The company has taken the idea of a fully virtualized data center to a new level with the latest release of its core virtualization platform, vSphere 4. The company describes vSphere 4, an update from Virtual Infrastructure 3, as a cloud operating system that will let enterprises centrally manage servers, storage and networks as if one big resource.
With this new platform, VMware's core hypervisor should now be able to handle large databases and other more demanding applications. VSphere quadruples the amount of memory available to virtual machines, triples network throughput and doubles the maximum I/O operations to more than 200,000 per second, the company says.
"With Vsphere, customers are realizing they can virtualize every application. And if you can virtualize every application, then you can build a data center model assuming a virtualization layer on top. This doesn't just span one use case, like test and dev, it's something that is a baseline of capabilities that straddle the entire data center," says Chad Sakac, vice president of the VMware Technology Alliance at EMC.
Toward that end, VMware has worked with Cisco and EMC for deep integration of vSphere and the networking and storage infrastructures, respectively.

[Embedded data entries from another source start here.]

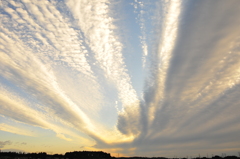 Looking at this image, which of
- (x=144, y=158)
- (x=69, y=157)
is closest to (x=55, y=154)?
(x=69, y=157)

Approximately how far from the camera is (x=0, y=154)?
197 feet

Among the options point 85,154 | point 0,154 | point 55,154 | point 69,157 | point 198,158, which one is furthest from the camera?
point 198,158

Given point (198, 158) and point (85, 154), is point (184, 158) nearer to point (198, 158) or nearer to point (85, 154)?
point (198, 158)

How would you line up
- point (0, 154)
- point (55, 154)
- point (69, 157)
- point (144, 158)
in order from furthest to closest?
point (144, 158) < point (69, 157) < point (55, 154) < point (0, 154)

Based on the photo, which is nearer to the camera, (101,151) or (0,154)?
(0,154)

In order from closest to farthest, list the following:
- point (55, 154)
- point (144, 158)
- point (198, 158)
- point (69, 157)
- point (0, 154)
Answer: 1. point (0, 154)
2. point (55, 154)
3. point (69, 157)
4. point (198, 158)
5. point (144, 158)

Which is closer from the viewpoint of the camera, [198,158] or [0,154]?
[0,154]

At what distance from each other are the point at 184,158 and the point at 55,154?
359 feet

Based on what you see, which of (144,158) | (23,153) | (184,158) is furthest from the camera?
(144,158)

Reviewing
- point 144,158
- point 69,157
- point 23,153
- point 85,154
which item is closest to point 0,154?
point 23,153

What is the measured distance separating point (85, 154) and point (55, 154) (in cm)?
2341

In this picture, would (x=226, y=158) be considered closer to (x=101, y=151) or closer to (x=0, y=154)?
(x=101, y=151)

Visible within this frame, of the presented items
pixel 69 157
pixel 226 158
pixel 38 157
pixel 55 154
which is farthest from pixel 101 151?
pixel 226 158

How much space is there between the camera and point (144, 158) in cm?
17350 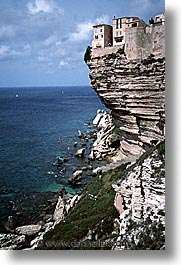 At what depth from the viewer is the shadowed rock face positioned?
5016mm

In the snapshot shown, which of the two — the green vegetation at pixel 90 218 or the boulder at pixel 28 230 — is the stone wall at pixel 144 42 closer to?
the green vegetation at pixel 90 218

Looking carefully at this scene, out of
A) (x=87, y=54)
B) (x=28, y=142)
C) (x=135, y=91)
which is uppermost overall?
(x=87, y=54)

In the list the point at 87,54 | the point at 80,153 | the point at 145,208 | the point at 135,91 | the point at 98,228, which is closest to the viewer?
the point at 145,208

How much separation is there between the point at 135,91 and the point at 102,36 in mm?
1199

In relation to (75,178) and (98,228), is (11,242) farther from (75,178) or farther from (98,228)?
(75,178)

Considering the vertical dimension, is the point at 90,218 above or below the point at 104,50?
below

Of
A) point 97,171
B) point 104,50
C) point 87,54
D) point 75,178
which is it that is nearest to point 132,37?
point 104,50

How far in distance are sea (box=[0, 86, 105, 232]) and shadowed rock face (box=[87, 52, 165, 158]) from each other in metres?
0.68

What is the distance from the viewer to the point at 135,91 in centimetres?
547

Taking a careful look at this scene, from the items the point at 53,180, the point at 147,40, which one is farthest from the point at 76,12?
the point at 53,180

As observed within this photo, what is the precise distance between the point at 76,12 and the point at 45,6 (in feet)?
1.09

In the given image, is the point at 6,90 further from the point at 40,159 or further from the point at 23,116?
the point at 40,159

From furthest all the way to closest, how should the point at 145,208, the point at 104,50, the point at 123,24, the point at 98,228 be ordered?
1. the point at 104,50
2. the point at 98,228
3. the point at 123,24
4. the point at 145,208

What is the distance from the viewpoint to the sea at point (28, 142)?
455cm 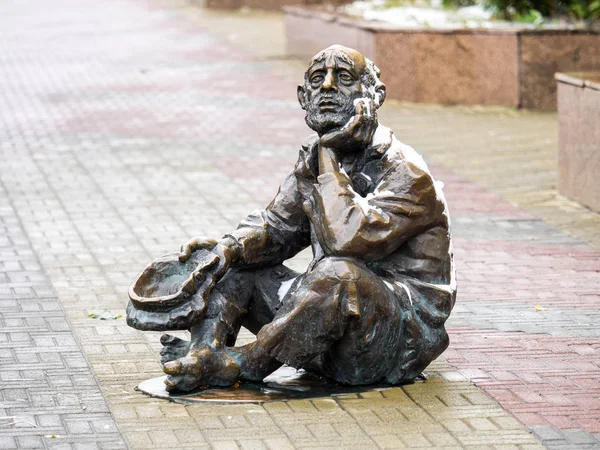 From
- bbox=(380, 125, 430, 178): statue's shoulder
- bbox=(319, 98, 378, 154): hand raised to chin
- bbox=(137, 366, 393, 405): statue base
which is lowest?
bbox=(137, 366, 393, 405): statue base

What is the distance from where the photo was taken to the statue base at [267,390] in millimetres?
5828

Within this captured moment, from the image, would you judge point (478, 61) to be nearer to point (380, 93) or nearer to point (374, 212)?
point (380, 93)

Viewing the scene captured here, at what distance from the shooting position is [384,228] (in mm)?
5723

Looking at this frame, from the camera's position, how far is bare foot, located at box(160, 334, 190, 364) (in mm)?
6059

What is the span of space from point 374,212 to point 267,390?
3.14 feet

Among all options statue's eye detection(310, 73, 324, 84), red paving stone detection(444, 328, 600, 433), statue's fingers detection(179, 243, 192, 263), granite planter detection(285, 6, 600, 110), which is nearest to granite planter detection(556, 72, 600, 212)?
red paving stone detection(444, 328, 600, 433)

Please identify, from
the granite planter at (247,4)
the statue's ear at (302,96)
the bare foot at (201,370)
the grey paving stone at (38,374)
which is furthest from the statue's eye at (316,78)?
the granite planter at (247,4)

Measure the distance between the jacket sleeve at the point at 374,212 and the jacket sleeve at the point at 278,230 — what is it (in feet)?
0.95

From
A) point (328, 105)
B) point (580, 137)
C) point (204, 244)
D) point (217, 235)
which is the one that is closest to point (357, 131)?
point (328, 105)

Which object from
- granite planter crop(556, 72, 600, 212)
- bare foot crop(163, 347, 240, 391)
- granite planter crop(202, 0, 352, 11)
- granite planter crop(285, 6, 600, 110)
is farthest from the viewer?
→ granite planter crop(202, 0, 352, 11)

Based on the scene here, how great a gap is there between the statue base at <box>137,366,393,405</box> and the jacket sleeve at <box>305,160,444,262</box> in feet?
2.08

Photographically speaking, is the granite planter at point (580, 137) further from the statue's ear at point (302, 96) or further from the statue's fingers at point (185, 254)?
the statue's fingers at point (185, 254)

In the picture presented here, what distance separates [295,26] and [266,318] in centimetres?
1480

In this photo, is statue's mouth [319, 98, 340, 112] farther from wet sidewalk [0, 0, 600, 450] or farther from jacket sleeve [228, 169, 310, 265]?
wet sidewalk [0, 0, 600, 450] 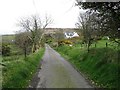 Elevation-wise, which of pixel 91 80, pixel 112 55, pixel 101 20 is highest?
pixel 101 20

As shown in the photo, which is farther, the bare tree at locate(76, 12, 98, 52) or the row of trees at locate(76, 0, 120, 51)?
the bare tree at locate(76, 12, 98, 52)

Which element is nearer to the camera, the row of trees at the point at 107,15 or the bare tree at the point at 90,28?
the row of trees at the point at 107,15

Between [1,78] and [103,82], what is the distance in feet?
19.6

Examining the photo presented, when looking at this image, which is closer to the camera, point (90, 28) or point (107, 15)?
A: point (107, 15)

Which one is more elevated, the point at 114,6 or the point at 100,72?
the point at 114,6

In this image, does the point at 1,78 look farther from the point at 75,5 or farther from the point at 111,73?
the point at 75,5

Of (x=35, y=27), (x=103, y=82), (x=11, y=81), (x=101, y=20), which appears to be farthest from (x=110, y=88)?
(x=35, y=27)

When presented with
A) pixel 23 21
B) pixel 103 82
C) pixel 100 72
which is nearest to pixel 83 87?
pixel 103 82

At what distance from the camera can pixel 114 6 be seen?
58.0 ft

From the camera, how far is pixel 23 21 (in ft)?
225

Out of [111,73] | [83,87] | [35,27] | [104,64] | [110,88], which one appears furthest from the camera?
[35,27]

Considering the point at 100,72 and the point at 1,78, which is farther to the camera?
the point at 100,72

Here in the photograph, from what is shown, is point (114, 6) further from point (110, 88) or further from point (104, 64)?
point (110, 88)

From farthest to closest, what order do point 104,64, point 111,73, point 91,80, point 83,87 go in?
point 104,64 < point 91,80 < point 111,73 < point 83,87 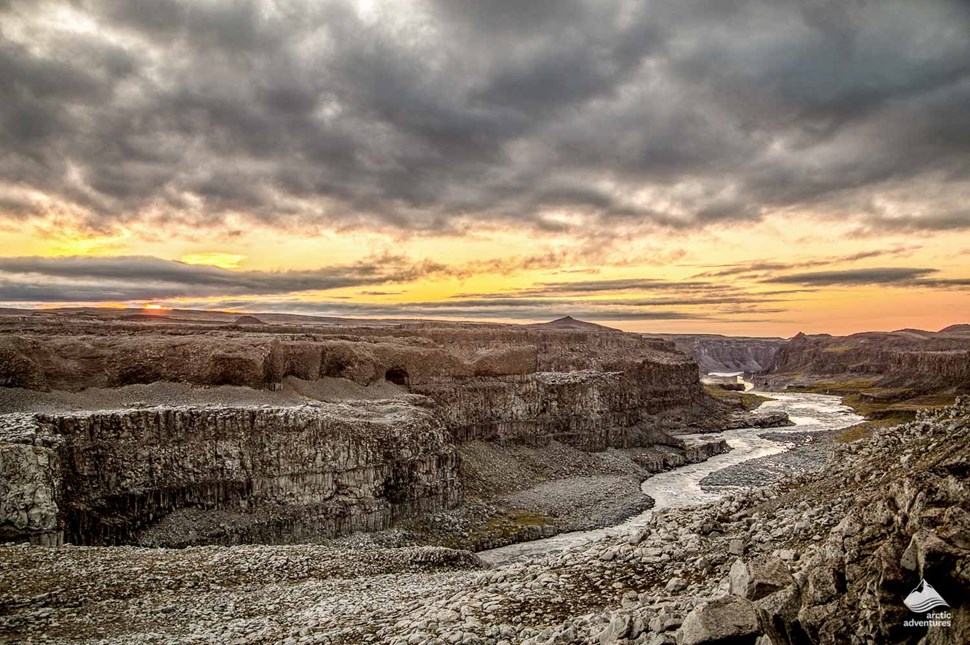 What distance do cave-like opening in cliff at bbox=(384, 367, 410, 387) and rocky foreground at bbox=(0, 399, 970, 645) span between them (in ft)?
131

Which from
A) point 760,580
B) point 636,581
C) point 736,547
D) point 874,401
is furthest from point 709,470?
point 874,401

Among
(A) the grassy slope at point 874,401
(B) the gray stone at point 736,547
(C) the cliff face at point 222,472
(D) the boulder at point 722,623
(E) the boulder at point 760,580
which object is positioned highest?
(E) the boulder at point 760,580

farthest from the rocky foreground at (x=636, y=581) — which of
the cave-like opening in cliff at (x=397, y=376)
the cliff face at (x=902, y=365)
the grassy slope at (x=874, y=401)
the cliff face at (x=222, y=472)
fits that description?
the cliff face at (x=902, y=365)

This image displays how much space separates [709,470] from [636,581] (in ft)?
203

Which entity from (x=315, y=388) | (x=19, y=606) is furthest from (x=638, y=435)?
(x=19, y=606)

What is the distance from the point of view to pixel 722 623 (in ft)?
31.9

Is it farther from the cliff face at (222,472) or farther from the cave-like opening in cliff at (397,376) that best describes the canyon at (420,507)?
the cave-like opening in cliff at (397,376)

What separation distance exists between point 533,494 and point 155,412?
32.6 m

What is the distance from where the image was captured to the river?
1724 inches

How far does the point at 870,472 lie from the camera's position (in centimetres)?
1536

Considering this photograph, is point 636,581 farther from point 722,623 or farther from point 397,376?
point 397,376

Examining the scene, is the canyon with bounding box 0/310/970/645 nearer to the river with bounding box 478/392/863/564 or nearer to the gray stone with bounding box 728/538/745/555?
the gray stone with bounding box 728/538/745/555

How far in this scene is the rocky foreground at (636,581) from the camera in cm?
854

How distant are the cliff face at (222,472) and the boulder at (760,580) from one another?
1122 inches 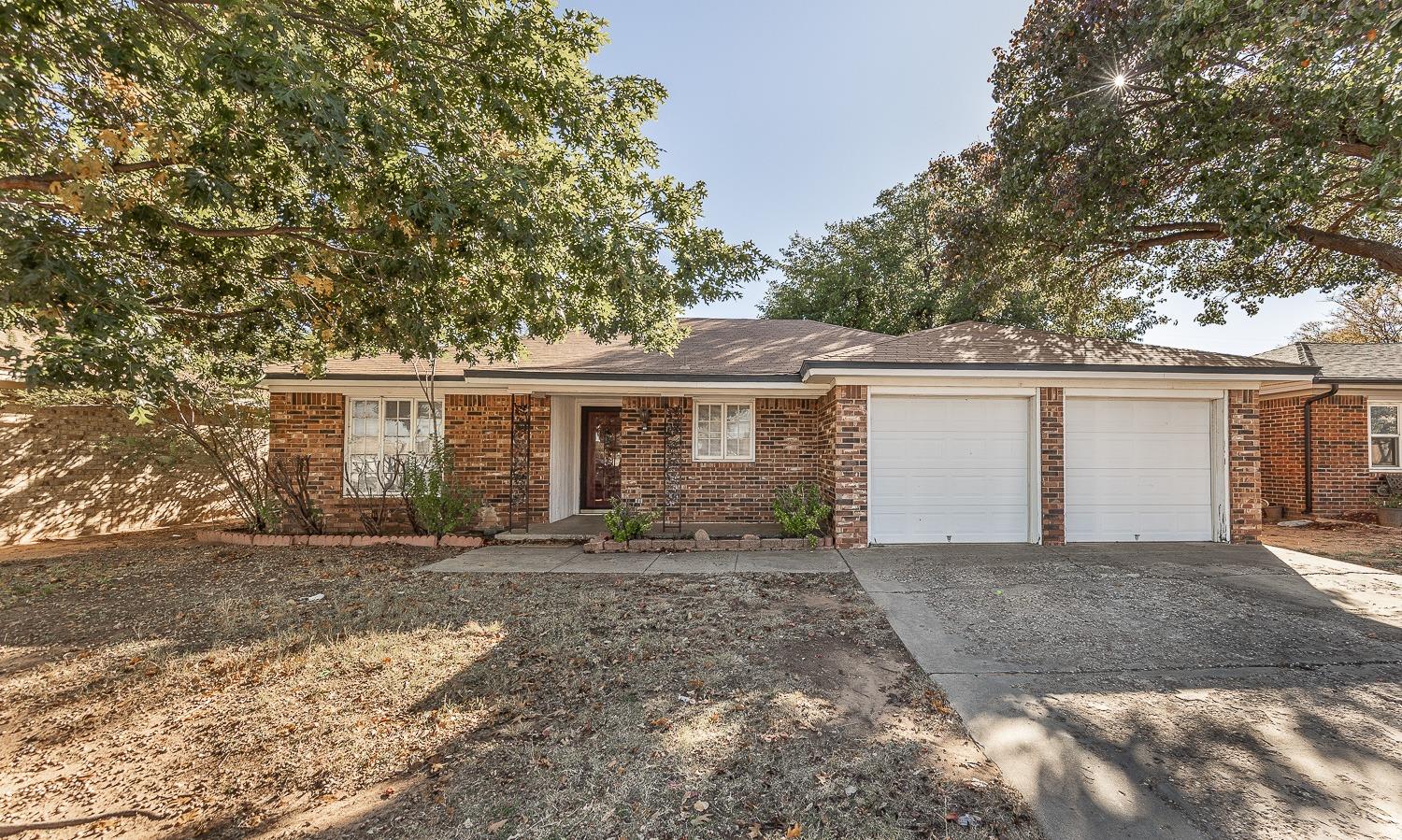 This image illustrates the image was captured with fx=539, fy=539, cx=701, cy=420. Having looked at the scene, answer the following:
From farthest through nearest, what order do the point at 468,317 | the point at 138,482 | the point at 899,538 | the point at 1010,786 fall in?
1. the point at 138,482
2. the point at 899,538
3. the point at 468,317
4. the point at 1010,786

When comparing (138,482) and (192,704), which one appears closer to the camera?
(192,704)

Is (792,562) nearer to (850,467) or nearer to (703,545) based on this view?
(703,545)

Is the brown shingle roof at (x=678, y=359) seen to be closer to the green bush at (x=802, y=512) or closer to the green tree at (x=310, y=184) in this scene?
the green tree at (x=310, y=184)

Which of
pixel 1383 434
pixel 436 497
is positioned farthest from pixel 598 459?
pixel 1383 434

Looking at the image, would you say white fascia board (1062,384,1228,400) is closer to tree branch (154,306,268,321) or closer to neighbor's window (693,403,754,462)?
neighbor's window (693,403,754,462)

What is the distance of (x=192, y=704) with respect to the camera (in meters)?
3.56

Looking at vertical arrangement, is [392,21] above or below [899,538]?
above

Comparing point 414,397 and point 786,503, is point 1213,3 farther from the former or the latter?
point 414,397

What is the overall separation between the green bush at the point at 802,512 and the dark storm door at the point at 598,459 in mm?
3964

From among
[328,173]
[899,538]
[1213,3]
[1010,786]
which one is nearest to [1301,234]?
[1213,3]

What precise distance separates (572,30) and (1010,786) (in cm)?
738

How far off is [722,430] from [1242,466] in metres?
7.78

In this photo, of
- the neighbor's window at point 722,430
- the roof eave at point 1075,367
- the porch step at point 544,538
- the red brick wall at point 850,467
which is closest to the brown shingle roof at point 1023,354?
the roof eave at point 1075,367

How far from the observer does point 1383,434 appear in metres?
10.6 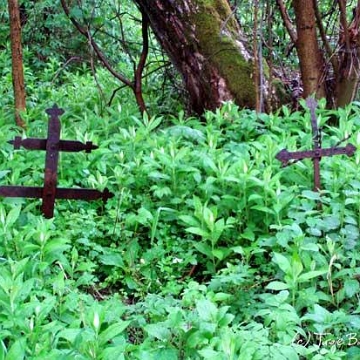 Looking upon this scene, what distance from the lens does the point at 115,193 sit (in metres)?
3.85

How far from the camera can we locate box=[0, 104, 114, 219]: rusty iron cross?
3555mm

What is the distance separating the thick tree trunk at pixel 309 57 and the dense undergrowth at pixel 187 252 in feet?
2.21

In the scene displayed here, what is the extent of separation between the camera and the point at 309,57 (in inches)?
216

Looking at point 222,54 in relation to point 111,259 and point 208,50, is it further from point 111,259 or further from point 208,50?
point 111,259

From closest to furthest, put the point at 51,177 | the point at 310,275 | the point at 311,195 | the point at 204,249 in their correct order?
the point at 310,275 < the point at 204,249 < the point at 311,195 < the point at 51,177

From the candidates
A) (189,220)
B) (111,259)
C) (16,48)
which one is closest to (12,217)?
(111,259)

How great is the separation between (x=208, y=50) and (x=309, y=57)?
0.92 meters

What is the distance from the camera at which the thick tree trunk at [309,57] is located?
5.40 metres

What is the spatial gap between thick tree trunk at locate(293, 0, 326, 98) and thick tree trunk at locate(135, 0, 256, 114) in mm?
483

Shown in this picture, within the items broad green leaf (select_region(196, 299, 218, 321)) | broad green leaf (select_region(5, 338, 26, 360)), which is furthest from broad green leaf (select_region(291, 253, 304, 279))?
broad green leaf (select_region(5, 338, 26, 360))

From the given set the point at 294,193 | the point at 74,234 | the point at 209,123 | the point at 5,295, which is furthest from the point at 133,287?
the point at 209,123

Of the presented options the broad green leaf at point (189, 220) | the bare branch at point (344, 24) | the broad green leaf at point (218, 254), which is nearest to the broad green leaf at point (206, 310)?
the broad green leaf at point (218, 254)

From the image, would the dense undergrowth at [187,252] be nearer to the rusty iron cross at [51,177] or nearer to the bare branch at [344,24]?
the rusty iron cross at [51,177]

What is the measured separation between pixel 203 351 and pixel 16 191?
5.69ft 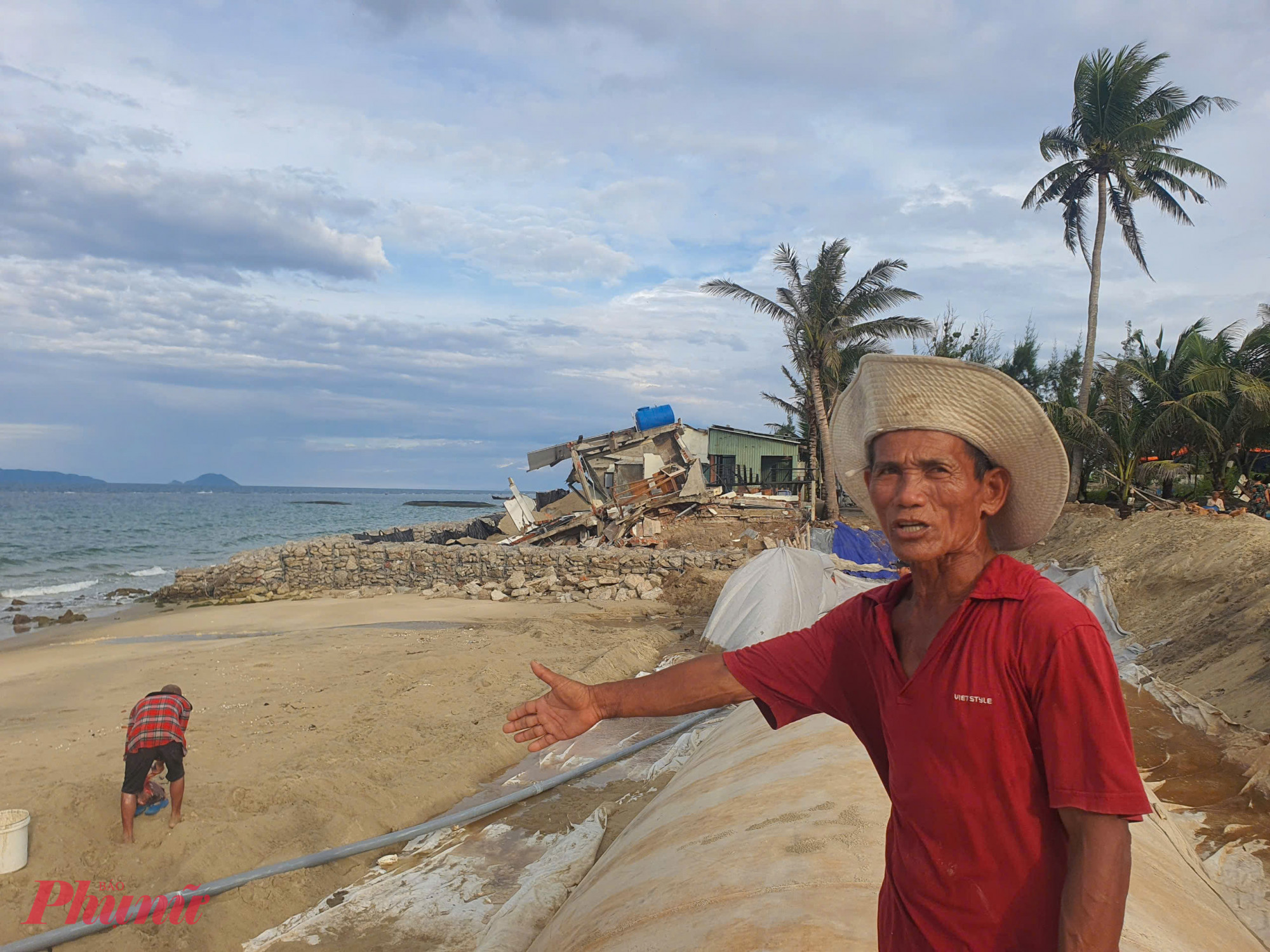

In effect, the result is a network, server and storage infrastructure that is effectively invisible, Sakac says.
From a storage/backup perspective, vSphere includes three new features: VMware Fault Tolerance, which creates a live replica of an application on a different server that can be used in the event of a hardware failure; vStorage Thin Provisioning, which allows less physical storage to be allocated to a virtual machine; and Distributed Power Management, which can consolidate virtual machines onto fewer machines during periods of low usage.
"You wouldn't provision a bunch of terabytes, fill those, and then add more. … All you do is provision virtual machines, and you say, 'This one is low priority and this one high. This one is going to get this amount of megabytes per second, and this one that amount. This one I want to replicate off site, and this one I don't care.' You create [service-level agreements] at the VMware layer and they'd automatically by applied at the storage layer," Sakac says.
With this type of fluidity in mind, EMC is rethinking its storage strategy top to bottom. For example, it recently redesigned its flagship array, the Symmetrix, Sakac says. The new array, called the Symmetrix V-Max comprises industry standard components assembled into building blocks, each with their own cache memory and I/O. The building blocks perform as a single, virtualized, array.
"We started first with V-Max, but with all of our platforms we'll automatically be able to move where the data lives to be able to deliver more or less performance without the administrator needing to do anything," Sakac says.